The following suggestions work within OSHA's guidelines for safety with video display terminals Posture support:

  • The seat and backrest of the chair should support a comfortable posture permitting occasional variations in the sitting position.
  • Chair height and backrest angle should be easily adjustable. A foot rest may be necessary for short individuals.
  • Arms: When the operator's hands are resting on the keyboard, the upper arm and forearm should form a right angle. The hands should be in a reasonably straight line with the forearm. Long or unusually high reaches should be avoided. Armrests should permit periodic support as needed.
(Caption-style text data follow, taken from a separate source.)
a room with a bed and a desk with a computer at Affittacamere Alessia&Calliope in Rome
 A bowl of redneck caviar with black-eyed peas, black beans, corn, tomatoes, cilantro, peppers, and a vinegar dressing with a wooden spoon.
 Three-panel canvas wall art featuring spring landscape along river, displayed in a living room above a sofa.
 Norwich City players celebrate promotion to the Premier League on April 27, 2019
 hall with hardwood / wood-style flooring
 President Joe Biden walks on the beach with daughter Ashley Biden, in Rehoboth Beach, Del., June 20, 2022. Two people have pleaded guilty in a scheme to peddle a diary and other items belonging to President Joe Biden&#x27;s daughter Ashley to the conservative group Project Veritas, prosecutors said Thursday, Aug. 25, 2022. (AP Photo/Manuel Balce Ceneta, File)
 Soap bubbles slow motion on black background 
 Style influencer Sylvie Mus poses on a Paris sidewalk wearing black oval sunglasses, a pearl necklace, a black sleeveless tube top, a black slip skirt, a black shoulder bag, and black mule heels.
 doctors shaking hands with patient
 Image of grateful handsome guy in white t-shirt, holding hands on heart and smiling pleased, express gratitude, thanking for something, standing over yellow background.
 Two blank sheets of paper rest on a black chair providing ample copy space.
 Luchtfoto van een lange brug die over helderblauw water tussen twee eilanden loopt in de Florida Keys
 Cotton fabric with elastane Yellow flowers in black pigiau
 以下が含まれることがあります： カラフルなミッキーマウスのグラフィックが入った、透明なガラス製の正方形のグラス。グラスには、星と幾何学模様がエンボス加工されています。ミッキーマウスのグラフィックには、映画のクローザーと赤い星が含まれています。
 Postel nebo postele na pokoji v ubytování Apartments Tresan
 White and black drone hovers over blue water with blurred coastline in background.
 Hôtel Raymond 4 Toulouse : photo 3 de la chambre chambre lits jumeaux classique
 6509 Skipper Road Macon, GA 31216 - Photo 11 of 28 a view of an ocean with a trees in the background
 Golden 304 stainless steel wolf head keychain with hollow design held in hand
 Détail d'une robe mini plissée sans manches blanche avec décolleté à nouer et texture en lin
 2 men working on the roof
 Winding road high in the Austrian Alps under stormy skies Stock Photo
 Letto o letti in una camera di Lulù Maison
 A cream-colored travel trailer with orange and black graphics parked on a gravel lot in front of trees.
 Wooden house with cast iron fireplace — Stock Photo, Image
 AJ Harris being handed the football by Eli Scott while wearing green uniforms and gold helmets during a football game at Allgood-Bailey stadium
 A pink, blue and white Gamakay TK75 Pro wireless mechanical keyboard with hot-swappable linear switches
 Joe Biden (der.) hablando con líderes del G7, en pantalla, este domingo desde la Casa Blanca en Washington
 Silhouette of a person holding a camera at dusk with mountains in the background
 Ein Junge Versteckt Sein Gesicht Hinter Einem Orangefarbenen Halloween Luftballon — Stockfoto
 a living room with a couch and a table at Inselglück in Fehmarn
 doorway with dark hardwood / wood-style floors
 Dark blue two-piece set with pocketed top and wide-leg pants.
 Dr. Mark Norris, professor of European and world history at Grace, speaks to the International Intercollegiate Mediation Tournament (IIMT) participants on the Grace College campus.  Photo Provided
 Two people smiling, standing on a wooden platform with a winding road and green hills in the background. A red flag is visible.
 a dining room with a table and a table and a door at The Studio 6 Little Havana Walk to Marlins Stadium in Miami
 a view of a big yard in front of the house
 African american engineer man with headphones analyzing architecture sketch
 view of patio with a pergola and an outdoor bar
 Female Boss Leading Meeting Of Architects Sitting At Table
  • Legs and feet: The chair height is correct when the entire sole of the foot can rest on the floor or footrest and the back of the knee is slightly higher than the seat of the chair. This allows the blood to circulate freely in the legs and feet.
  • Adjustment of screen position: Screens [that] swivel horizontally and tilt or elevate vertically enable the operator to select the optimum viewing angle.
  • [Workstation] surface: The table or [workstation] should suit the kind of task to be done. It should be large enough for any reference books, files, telephone, or text and also permit different positions of the screen and keyboard. Adjustable surface height is an advantage.
  • Eye and screen: The topmost line of the display should not be higher than the user's eyes.
  • The screen and document holder should be the same distance from the eye (to avoid constant changes of focus) and close together so the operator can look from one to the other without excessive movement of the neck or back.
  • The incline of the document holder should be adjustable.
  • Legibility is a prime consideration in selecting a display screen. This also applies to document selection.
  • Legibility factors to be considered include:
    • symbol size and design
    • contrast
    • sharpness.
  • Adjustment of the keyboard: A movable keyboard is a plus. It can be arranged to suit the type of work and the need to consult documents or notes.